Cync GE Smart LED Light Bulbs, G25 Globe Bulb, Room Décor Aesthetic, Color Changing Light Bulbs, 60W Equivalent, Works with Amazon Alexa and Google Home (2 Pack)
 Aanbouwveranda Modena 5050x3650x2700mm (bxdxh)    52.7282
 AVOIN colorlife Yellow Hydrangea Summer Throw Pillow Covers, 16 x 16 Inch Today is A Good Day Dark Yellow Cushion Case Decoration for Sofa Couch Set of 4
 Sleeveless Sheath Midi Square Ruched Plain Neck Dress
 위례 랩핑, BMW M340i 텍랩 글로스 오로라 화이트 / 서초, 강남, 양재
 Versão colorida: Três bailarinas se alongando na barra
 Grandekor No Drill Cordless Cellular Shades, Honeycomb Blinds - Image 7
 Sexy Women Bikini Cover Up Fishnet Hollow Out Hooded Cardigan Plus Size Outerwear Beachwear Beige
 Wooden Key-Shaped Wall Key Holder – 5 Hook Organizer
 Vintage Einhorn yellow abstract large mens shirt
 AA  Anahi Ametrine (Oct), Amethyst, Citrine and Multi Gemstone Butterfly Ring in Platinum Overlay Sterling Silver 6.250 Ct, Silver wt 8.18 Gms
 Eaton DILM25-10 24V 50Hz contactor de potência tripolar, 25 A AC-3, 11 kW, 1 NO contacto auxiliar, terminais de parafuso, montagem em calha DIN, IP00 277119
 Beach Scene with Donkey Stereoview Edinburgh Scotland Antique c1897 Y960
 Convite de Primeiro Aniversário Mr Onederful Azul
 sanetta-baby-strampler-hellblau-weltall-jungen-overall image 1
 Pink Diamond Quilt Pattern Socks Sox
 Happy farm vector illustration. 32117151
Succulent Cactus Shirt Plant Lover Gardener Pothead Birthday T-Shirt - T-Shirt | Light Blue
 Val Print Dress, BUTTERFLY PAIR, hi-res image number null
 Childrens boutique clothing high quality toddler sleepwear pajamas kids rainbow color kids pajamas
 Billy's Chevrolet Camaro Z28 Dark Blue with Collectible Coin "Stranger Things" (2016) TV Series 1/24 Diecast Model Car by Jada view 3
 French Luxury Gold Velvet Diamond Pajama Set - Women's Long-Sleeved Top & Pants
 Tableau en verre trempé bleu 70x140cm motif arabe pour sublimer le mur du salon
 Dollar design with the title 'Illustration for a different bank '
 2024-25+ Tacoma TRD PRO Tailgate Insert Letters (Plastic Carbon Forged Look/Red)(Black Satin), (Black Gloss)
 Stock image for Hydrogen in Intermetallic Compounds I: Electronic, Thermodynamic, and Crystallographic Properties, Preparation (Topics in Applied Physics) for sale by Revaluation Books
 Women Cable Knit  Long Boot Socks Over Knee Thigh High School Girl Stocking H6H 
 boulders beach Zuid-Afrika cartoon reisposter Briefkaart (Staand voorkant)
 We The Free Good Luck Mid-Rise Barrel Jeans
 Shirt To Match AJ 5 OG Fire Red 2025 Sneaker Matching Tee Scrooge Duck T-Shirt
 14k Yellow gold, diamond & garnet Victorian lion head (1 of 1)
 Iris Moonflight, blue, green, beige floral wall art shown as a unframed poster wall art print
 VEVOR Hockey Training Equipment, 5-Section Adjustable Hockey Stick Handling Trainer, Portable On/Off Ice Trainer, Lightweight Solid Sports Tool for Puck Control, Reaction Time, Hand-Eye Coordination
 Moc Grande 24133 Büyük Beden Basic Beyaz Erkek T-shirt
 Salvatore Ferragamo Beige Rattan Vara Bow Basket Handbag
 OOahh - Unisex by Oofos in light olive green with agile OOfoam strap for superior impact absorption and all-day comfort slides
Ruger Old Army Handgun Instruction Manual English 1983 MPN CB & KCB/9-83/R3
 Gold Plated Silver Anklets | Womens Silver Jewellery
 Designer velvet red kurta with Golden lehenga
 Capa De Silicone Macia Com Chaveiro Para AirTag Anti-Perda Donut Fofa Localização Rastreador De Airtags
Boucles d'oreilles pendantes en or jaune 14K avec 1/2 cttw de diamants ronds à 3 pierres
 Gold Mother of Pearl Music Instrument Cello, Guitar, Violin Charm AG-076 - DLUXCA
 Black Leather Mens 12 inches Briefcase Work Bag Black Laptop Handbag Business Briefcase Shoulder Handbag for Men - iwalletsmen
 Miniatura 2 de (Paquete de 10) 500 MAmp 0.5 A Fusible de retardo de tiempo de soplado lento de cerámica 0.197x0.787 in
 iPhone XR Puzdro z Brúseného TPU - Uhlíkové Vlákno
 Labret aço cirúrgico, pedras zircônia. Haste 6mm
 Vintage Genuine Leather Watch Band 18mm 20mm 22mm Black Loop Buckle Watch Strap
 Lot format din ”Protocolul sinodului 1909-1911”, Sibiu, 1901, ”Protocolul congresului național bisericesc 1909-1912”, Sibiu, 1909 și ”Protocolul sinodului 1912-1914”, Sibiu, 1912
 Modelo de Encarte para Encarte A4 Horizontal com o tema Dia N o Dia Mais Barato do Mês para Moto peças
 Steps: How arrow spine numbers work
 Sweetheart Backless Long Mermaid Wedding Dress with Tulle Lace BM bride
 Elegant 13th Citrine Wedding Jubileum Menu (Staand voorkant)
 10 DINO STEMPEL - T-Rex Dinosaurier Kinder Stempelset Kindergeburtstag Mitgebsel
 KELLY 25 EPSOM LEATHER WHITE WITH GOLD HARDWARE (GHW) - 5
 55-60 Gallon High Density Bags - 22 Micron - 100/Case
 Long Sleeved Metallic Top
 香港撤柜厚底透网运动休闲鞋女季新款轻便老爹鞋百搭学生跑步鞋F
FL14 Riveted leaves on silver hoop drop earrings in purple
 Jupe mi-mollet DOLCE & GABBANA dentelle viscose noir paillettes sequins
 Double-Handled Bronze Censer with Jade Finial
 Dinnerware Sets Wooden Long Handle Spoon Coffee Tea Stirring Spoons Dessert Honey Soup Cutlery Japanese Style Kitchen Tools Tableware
··········
**Exercise description**
Would you retype the lines above from the one with "Designer velvet red" down to the one with "Black Leather Mens", word for word, both ends included and no other lines?

**Worked solution**
 Designer velvet red kurta with Golden lehenga
 Capa De Silicone Macia Com Chaveiro Para AirTag Anti-Perda Donut Fofa Localização Rastreador De Airtags
Boucles d'oreilles pendantes en or jaune 14K avec 1/2 cttw de diamants ronds à 3 pierres
 Gold Mother of Pearl Music Instrument Cello, Guitar, Violin Charm AG-076 - DLUXCA
 Black Leather Mens 12 inches Briefcase Work Bag Black Laptop Handbag Business Briefcase Shoulder Handbag for Men - iwalletsmen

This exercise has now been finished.